Trudie Knijn, Contemporary Sociology
“Kadınların Tarihi, önde gelen Avrupa ve Amerikalı akademisyenlerin titizlikle kaleme aldığı makalelerden oluşuyor. Kadınların yüzyıllar boyunca kısıtlanması, ağır işlerde çalıştırılması, isimsiz kılınması, hatta insan olup olmadıklarının sorgulanmasının ardından, serinin dördüncü cildine geldiğimizde ‘Özgürlüğün Kızları ve Devrimci Yurttaşlar’ ile ‘Dışarıya Adım Atmak’ gibi destekleyici başlıklarla karşılaşmak gerçekten muhteşem.”

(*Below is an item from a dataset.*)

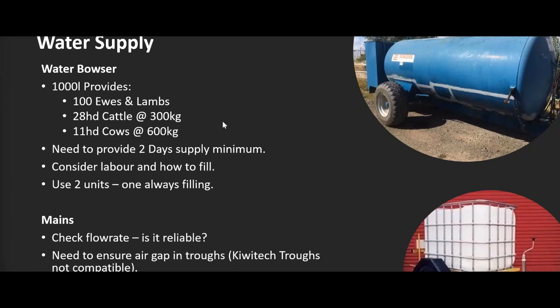It's also handy to have two bowsers so one is always full or filling. With mains water, you're lucky in the UK to have quite a few options, but flow rate is key to check. The incoming pipe is often small — at best 25mm, at worst 20mm diameter. Flow rate needs to be checked in every field. Also ask: is it reliable? In the east of the country, flow rate can drop in summer when people start watering their gardens — exactly when you need it most.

Elizabeth J. Sherman, Washington Times
Kadınların Tarihi 5
20. yüzyıl, kadınlar için toplumsal, siyasal ve kültürel dönüşümlerin hız kazandığı bir dönemdir. Batı’daki kadınların deneyimine yoğunlaşan ve çok yönlü bir tarih sunan Kadınların Tarihi serisinin bu beşinci cildi, savaşlar, devrimler, rejim değişiklikleri ve ekonomik dönüşümlerle şekillenen bu dönemde kadınların yaşadığı köklü değişimleri incelemektedir. Bu dönemde geleneksel cinsiyet rolleri yeniden üretilerek kadınlar üzerinde baskı aracı olarak kullanılmışsa da ekonomik bağımsızlık arayışları, artan siyasal görünürlük, feminist dalgaların yükselişi ve kadının kendi bedeni üzerindeki söz hakkının genişlemesi eşitlik taleplerini güçlendirmiştir.

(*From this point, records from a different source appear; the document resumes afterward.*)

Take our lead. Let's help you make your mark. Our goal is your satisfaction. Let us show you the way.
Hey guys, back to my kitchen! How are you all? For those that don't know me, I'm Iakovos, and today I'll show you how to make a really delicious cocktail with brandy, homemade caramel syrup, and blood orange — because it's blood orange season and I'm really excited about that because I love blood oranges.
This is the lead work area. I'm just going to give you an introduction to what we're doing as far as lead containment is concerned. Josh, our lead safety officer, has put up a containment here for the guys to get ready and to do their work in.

“Kitaba katkıda bulunan herkes tarihi, cinsiyetler arası ilişkileri ve toplumsal cinsiyet sistemlerinin evrimini vurgulayan bir toplumsal cinsiyet perspektifinden ele alma konusunda ortak bir bağlılık sergiliyor.”

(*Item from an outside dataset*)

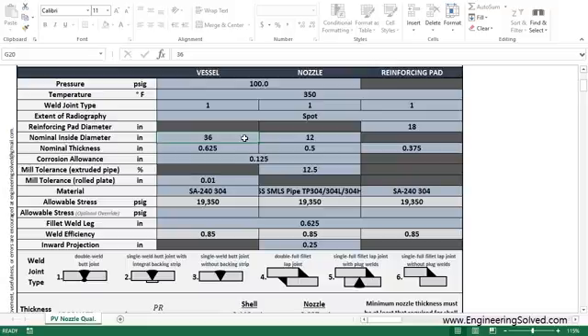Let's say your vessel is 36-inch internal diameter with a 12-inch ID for your nozzle, 5/8-inch thick shell with a 1/2-inch nozzle wall, and also you have an 18-inch reinforcing pad.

–Susan Ware, Journal of American History
“Batı’daki kadınların 20 yüzyıldaki yaşamına dair geniş kapsamlı bir antropolojik çalışma niteliğindeki bu eser, devlet, çalışma hayatı, felsefe, savaş, sanat, demografi, aile ve 1900’den günümüze kadın hareketini şekillendiren feminist mücadele başlıkları hakkında zengin bir içerik sunuyor.”